Helping Door County Age in Place

Last month, Do Good Door County (DGDC) led a series of forums during which residents of seven communities along the peninsula could offer feedback and share their concerns about aging.

At the forum in Baileys Harbor, the crowd of about 30 people initially chatted within their own clusters, but once the program began, many found that strangers across the room had the same hopes, fears and experiences when it came to aging.

The majority of participants at the Baileys Harbor forum wanted to stay in place as they aged, which reflected a countywide trend: 86% of Door County residents want to stay in their homes as they age, according to a recent survey by DGDC.

But doing so requires forethought, according to DGDC president Cynthia Germain, and some who want to age in place don’t have a plan, the survey revealed. Thirty-eight percent of Door County residents who live by themselves aren’t sure what they would do if they could no longer live alone as they age, and 5% haven’t thought about it at all. 

DGDC partnered with St. Norbert College to create the survey with the aim of understanding and assessing the county’s aging concerns. The survey did provide insight, but Germain knew she needed more than just numbers.

“We really want to look at not only the data as a whole, but also the data and actions that we can take with the data to address the needs of particular communities,” she said.

After the preliminary survey results came back in early November, DGDC led forums in Sturgeon Bay, Sister Bay, Forestville, Baileys Harbor, Washington Island, Sevastopol and Egg Harbor, where residents discussed their aging concerns. Sister Bay drew the largest crowd, Forestville the smallest.

Younger attendees included caretakers or children of aging residents, but the majority of attendees were elderly. Their lively conversation revealed that many had already identified ways in which Door County could better meet their needs.

How important and how urgent 11 Door County communities rated the eight domains of an age-friendly community. The upper-left corner marked the most important and urgent of the domains, and the lower-right corner marked the least important and urgent. Photo courtesy of Do Good Door County.

Eight Domains for Age-friendly Communities

To provide structure to their conversations, Germain drew inspiration from the age-friendly initiative that the World Health Organization has developed. Its goal is to create age-friendly communities, which DGDC’s website defines as “a place that adapts its services and physical structures in order to improve the quality of life of residents as they age.”

The initiative prescribes eight domains for an age-friendly community: outdoor spaces and buildings, transportation, housing, respect and social inclusion, social participation, civic participation and employment opportunities, communication and information, and community support and health services.

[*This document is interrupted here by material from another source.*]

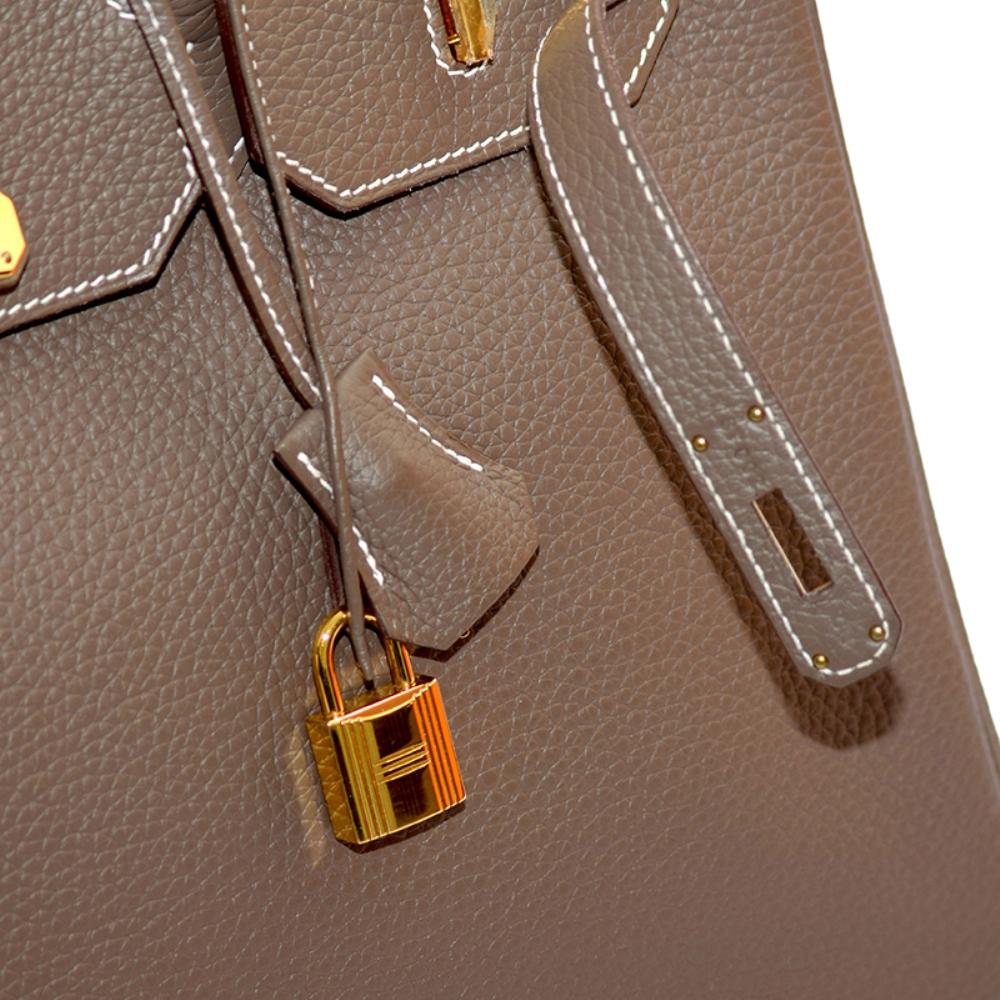 Hermes Etoupe Togo Leather Gold Hardware Birkin 35 Bag 1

Participants in the forums were asked to rank each domain in terms of its importance and its urgency, visualizing their priorities on a graph. Although each location had its own individual concerns and priorities, the number-one concern across the board was communication, according to Germain. 

“What we heard over and over again was that people didn’t have a central place to get information that they needed,” Germain said.

In addition, residents said they wanted to be able to gather information through different avenues – websites, printed materials, a hotline –  depending on their technological comfort. 

Following communication as the biggest concern, another issue that came up was the importance of affordable housing to attract and retain hospital and assisted-living workers. 

Participants in smaller communities such as Sister Bay also pointed out accessibility issues in downtown areas that offer only street parking. Others brought up gaps in health service, including long waits for dental care and limited mental-health resources. In Northern Door, a lack of emergency health services was noted. 

Most communities regarded the social participation and the civic participation and employment opportunities domains as the least important, pointing out that Door County has ample volunteer and employment opportunities.

Participants also brought up resource needs that fell outside of the eight domains, such as pet care and spiritual opportunities.

Moving Forward

After the forums, Germain feels that DGDC has a better handle on what Door County’s aging population needs, but its next step is much larger. She said the organization must consider implementing important programs “without re-creating the wheel,” instead using preexisting programs in other areas as guides.

It’s still too early to say what those programs will look like in Door County, but according to Germain, “we now have a really good compass for the kind of projects we’ll look at and what kind of funding we’ll need.”